> **WHAT YOU ARE ASKED TO DO**:
Wherever a picture appears in the listing below, leave it out and reproduce the rest exactly.

> **EXTRACTED MATERIAL**:

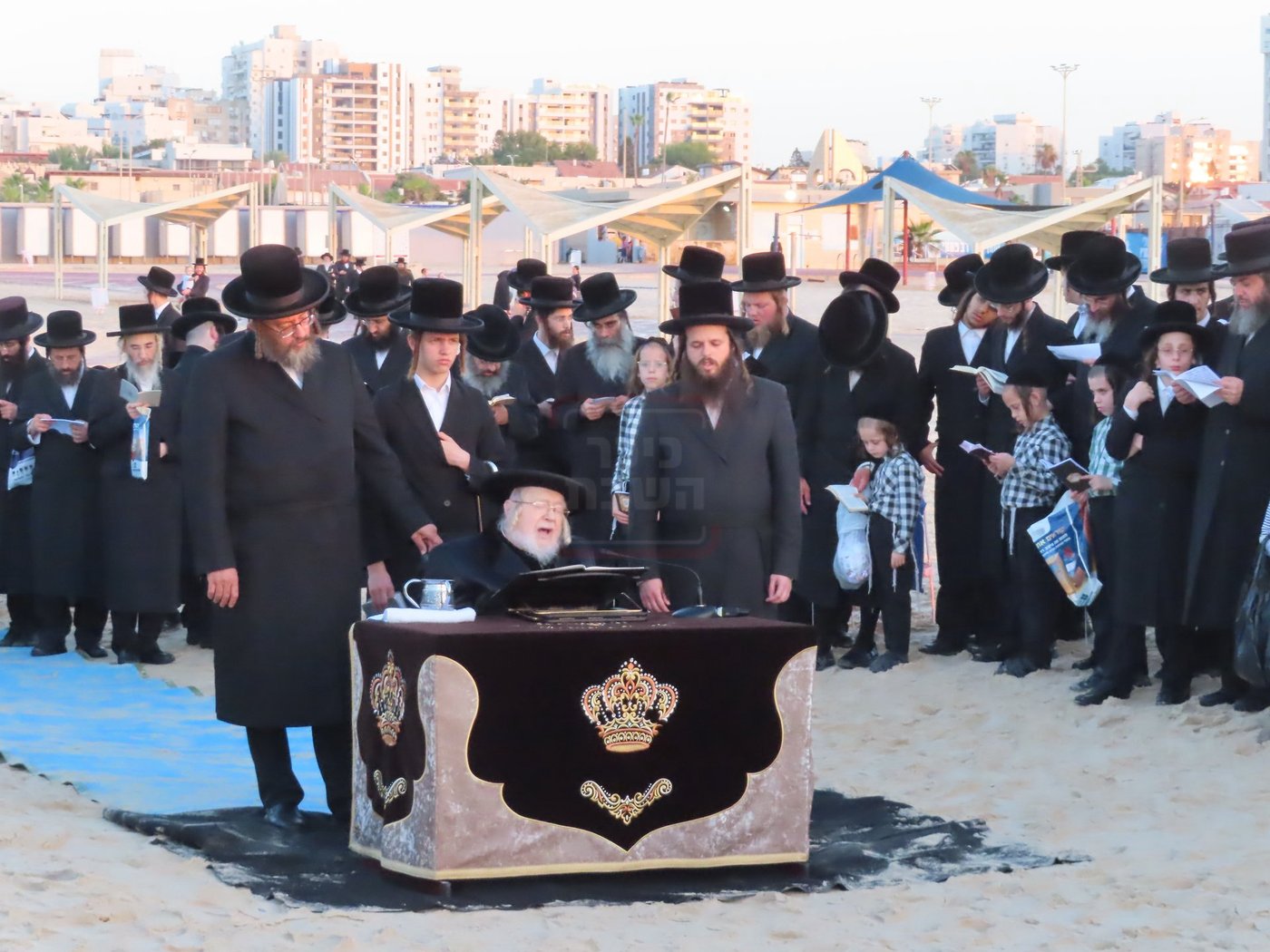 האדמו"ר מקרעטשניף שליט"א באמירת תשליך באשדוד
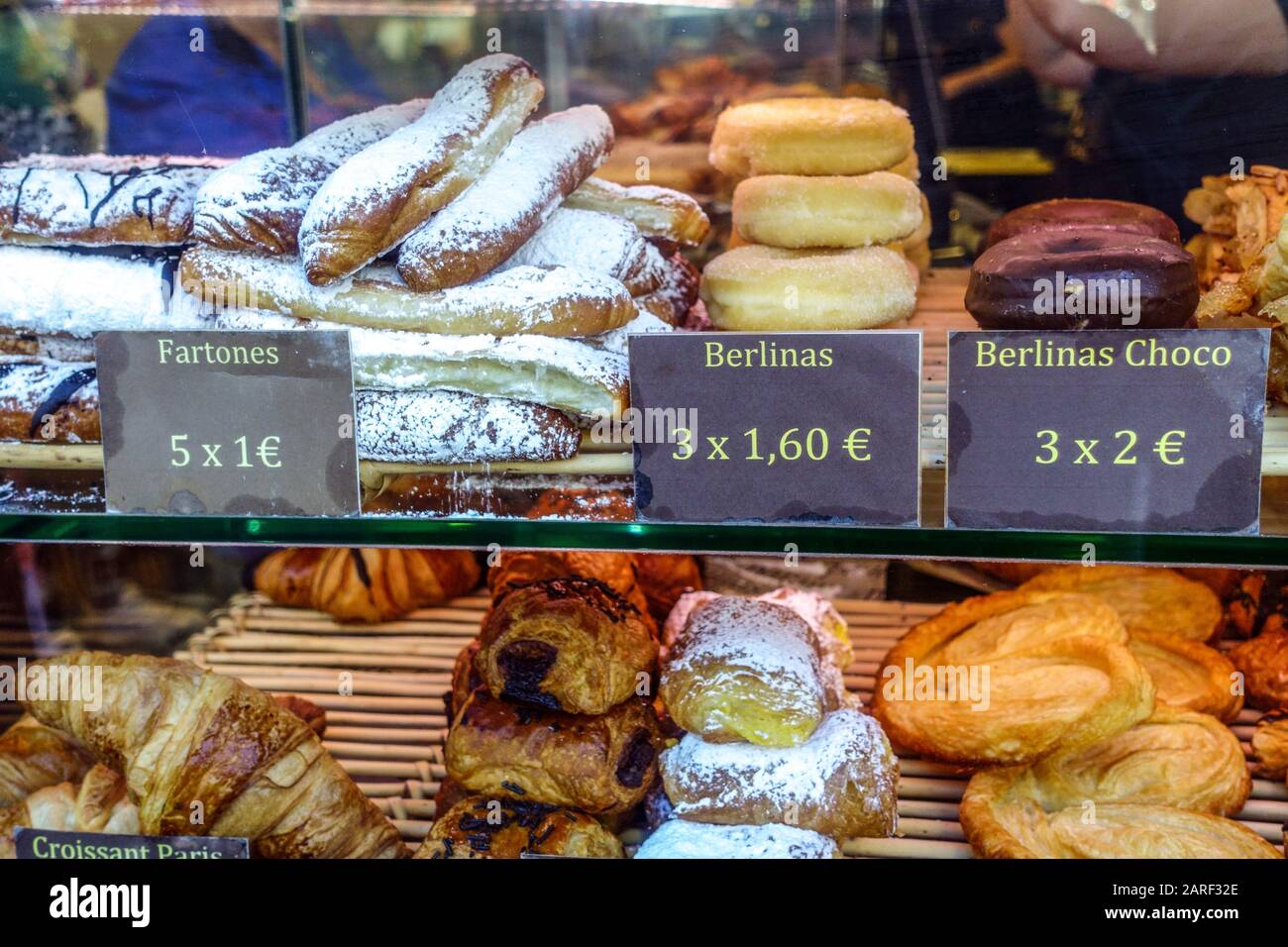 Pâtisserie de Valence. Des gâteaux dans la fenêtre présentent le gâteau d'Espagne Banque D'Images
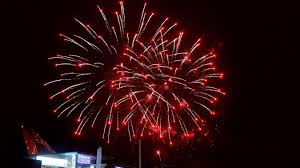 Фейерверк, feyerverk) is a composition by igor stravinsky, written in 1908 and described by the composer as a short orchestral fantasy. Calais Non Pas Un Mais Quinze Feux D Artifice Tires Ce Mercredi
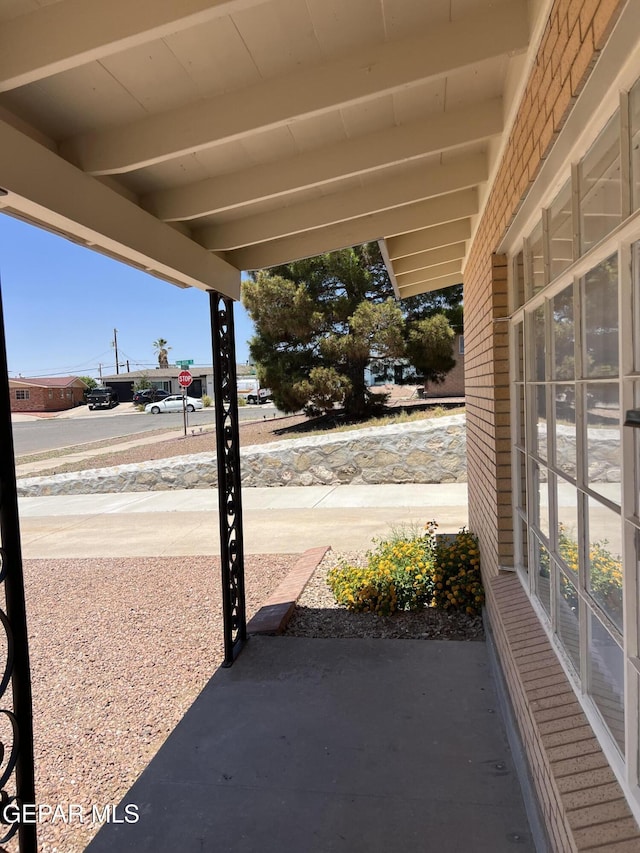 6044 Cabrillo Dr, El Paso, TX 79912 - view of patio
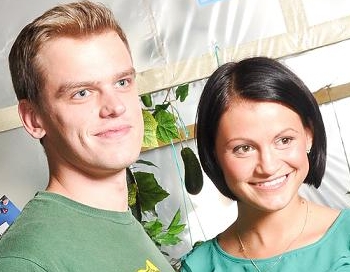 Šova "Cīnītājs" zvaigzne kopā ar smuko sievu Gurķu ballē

> **ANSWER TO THE EXERCISE**:
 האדמו"ר מקרעטשניף שליט"א באמירת תשליך באשדוד
 Pâtisserie de Valence. Des gâteaux dans la fenêtre présentent le gâteau d'Espagne Banque D'Images
 Фейерверк, feyerverk) is a composition by igor stravinsky, written in 1908 and described by the composer as a short orchestral fantasy. Calais Non Pas Un Mais Quinze Feux D Artifice Tires Ce Mercredi
 6044 Cabrillo Dr, El Paso, TX 79912 - view of patio
 Šova "Cīnītājs" zvaigzne kopā ar smuko sievu Gurķu ballē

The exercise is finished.